One told Nasser that if he went ahead, “This decision means that we shall become directly involved in a war with Britain, France and the whole of the West.”
Nasser was unperturbed and replied, “I did not ask you to fight. If war breaks out it will be Abdul Hakim Amir [the Egyptian Army chief of staff] who will be fighting, not you.”
Even for his own ministers, Nasser’s plan to take the canal by force seemed an extreme reaction, but the crisis had been brewing for decades.

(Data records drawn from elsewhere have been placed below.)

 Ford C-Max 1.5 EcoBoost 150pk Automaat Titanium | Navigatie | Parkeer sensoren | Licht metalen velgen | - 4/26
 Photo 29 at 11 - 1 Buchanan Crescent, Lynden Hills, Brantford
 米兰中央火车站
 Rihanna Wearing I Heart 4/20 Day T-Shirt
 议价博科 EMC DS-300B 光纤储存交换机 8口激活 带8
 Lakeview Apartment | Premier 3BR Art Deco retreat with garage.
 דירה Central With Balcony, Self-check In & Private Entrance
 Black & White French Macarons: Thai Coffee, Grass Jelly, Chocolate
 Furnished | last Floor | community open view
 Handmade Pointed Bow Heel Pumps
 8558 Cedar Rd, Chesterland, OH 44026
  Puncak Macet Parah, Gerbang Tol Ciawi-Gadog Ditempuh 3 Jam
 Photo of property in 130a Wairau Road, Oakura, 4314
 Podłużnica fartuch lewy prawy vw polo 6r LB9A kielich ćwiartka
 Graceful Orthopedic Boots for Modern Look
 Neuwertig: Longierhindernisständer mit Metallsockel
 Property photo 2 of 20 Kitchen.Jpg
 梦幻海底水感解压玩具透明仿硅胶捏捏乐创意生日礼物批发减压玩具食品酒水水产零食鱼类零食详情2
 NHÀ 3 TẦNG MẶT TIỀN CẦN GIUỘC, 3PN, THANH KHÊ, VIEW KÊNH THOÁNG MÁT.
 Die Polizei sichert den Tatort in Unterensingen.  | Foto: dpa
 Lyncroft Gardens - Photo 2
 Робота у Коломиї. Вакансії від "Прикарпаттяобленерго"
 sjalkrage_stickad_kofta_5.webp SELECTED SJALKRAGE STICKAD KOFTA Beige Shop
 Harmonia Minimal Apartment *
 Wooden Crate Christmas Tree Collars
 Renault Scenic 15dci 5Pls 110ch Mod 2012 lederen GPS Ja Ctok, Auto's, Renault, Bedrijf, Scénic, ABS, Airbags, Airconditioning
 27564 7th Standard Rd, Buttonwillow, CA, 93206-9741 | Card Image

The flamboyant nineteenth-century poet and playwright Oscar Wilde quite neatly summed up the canal conundrum. In his 1895 comedy The Ideal Husband – which rather appropriately examines corruption in high politics – one character who is a minister at the Foreign Office remarks, the Suez Canal was a very great and splendid undertaking. It gave us our direct route to India. It had imperial value. It was necessary that we should have control. The comment was a moment of comparative light comedy, but it was a devoutly held view among most of the British establishment for the better part of a century. Anything but British control of the waterway was almost unimaginable. As Eden summarized it in 1929, twenty-six years before he became prime minister,
If the Suez Canal is our back door to the East, it is the front door to Europe and Australia, New Zealand and India. If you like to mix your metaphors it is, in fact, the swing-door of the British Empire, which has got to keep continually revolving.
Nasser was now threatening to jam the door shut.
The problematic issue with keeping the Suez door revolving was that under the terms of agreements already made with the Egyptians, British troops were required to leave by 1956 anyway. And the cost of keeping them there was astronomical. Maintaining control of the canal was expensive and flagrantly imperialist, but the alternative was to risk potential disruption to shipping and the security of Britain’s oil supplies. However, one of the facts often ignored by many historians and commentators is that perhaps the greatest exponent of a more realistic Suez Canal policy on the part of the British government prior to 1956 was Anthony Eden.
Eden would go on to be widely regarded as Britain’s worst prime minister in modern history, almost entirely because of the Suez Crisis, but the charming, erudite, upper-class Etonian and Oxford graduate was in fact viewed by most as a popular, consummate diplomat when he finally became prime minister in 1955.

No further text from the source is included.